# IDF's Gilad Shalit to be freed soon?



## The Bread Guy (11 Oct 2011)

Keeping my fingers crossed....


> Israel and Hamas have reached a deal to exchange Palestinian prisoners for Israeli soldier Gilad Shalit and swap will take place in November, Sources told Al Arabiya on Tuesday.
> 
> Shalit was captured in Israel in 2006 by Palestinians in a cross-border abduction. He is believed to be in captivity in Gaza.
> 
> “The exchange deal of Palestinian prisoners for Shalit (will be) implemented at the beginning of this November, with Egyptian mediation,” the television channel said, citing unnamed sources. It did not give further details.


Al Arabiya, 11 Oct 11



> It was reported Tuesday that Israeli cabinet ministers are set to meet to discuss a prospective deal to swap Palestinian prisoners for Israeli soldier Gilad Shalit. A source involved in the talks said that Hamas has agreed to the deal ....


Ynet, 11 Oct 11

Some backstory in attached Israeli Ministry of Foreign Affairs fact sheet in case link here doesn't work and at Wikipedia (usual "anybody can update it anytime" caveats apply) here.


----------



## The Bread Guy (11 Oct 2011)

.... since they've issued a statement:


> Foreign Affairs Minister John Baird today issued the following statement regarding the agreement to secure the release of Israeli staff sergeant Gilad Shalit:
> 
> “Canada welcomes the announcement of the release of Israeli soldier Gilad Shalit and calls on his captors to adhere to the terms of the agreement. Canada has consistently called for the release of Gilad Shalit over the course of his imprisonment and hopes that he will soon be reunited with his family after being held in captivity by Hamas for more than five years.”

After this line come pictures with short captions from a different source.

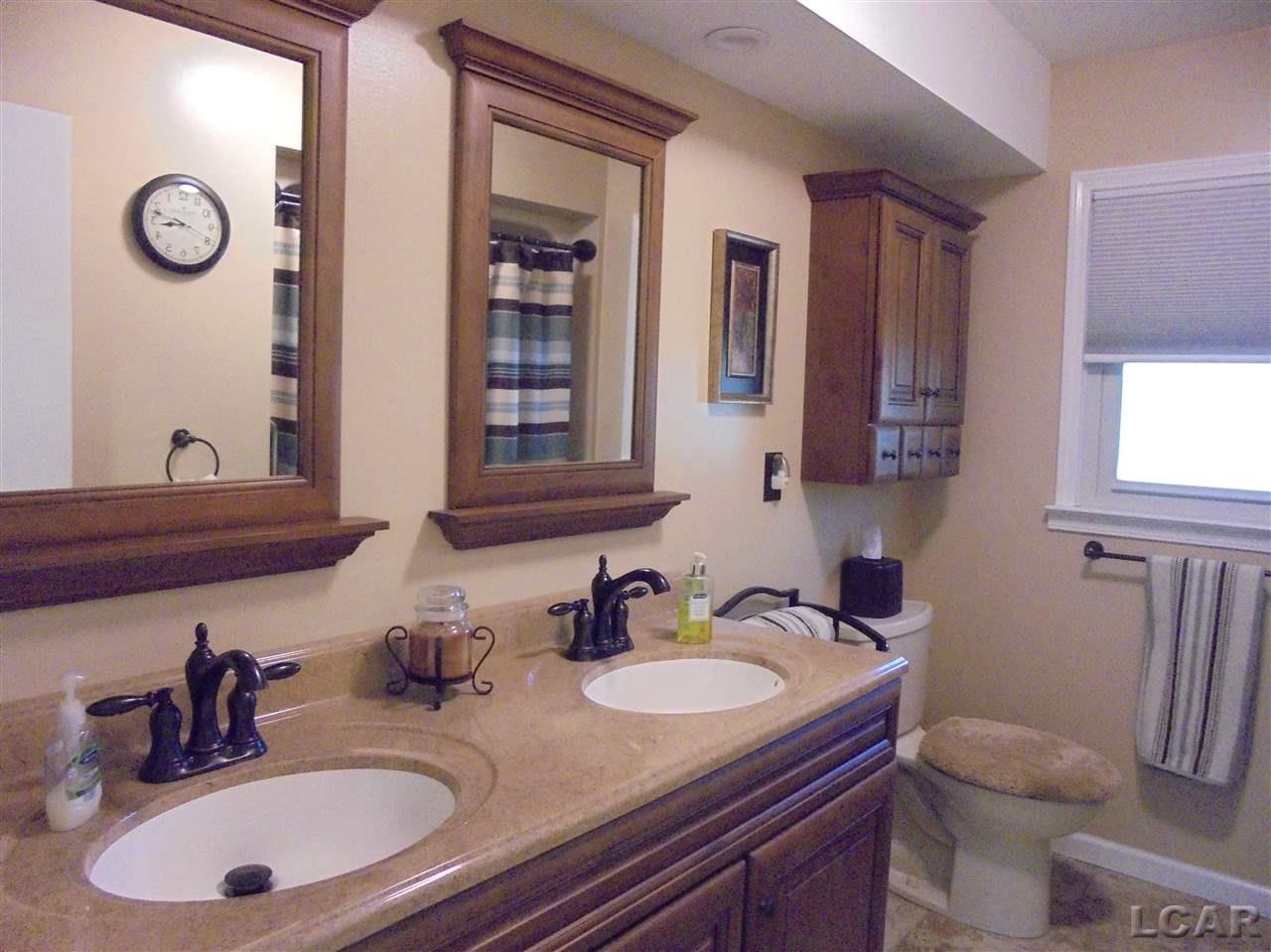 21174 Otter Road Belleville, MI 48111 - Photo 17 of 36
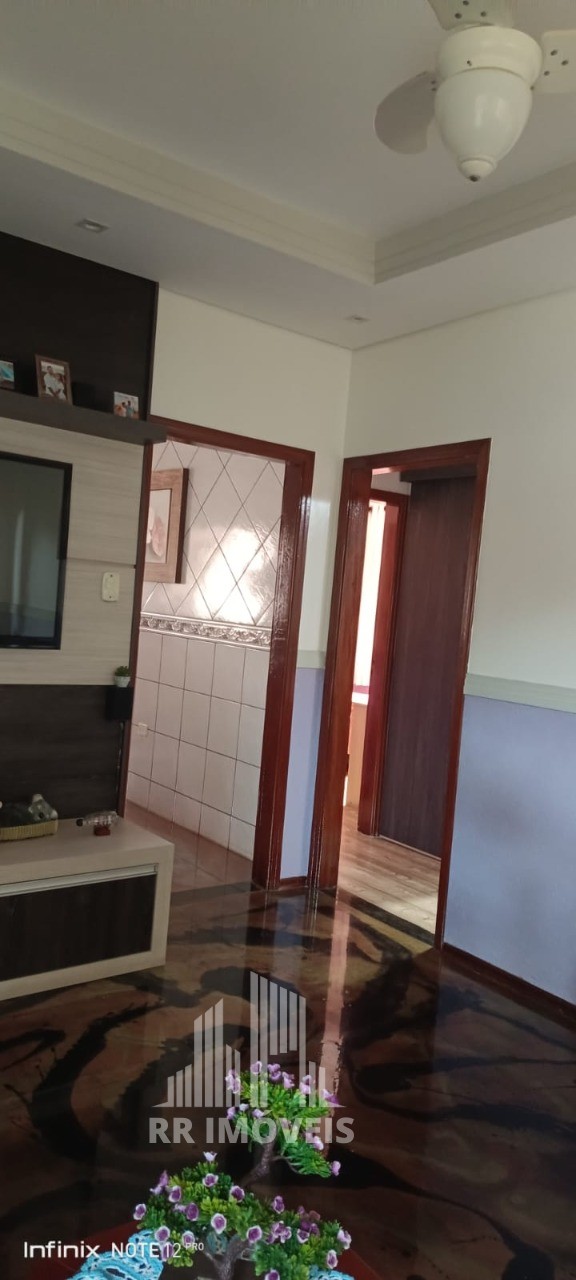 Casa à venda com 2 quartos, 250m² - Foto 4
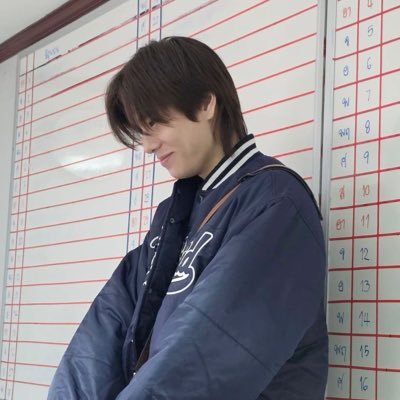 lookatyoujay_'s profile picture. a part-time pharmacy student who inlove with peachpachara , icenatara , innsarin and phuwintang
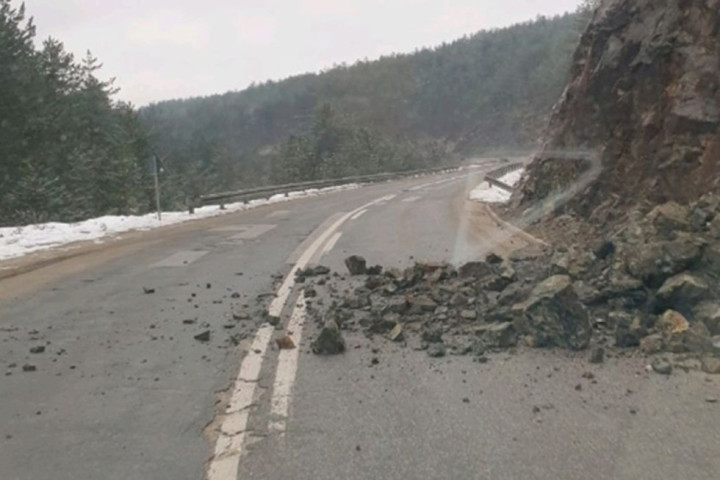 AMSS upozorava vozače: Može doći do odrona i nanosa, a evo gde se očekuju zadržavanja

DFAIT news release, 11 Oct 11


----------



## The Bread Guy (11 Oct 2011)

milnews.ca said:
			
		

> .... since they've issued a statement:DFAIT news release, 11 Oct 11



edited to add:  It's official, according to ISR's Ministry of Foreign Affairs Twitter post of about an hour ago (~1949E, 0049UTC):


> Minutes ago, The Israeli Cabinet approved the #Shalit prisoner swap deal with #Hamas.


----------



## The Bread Guy (19 Oct 2011)

He's home.


----------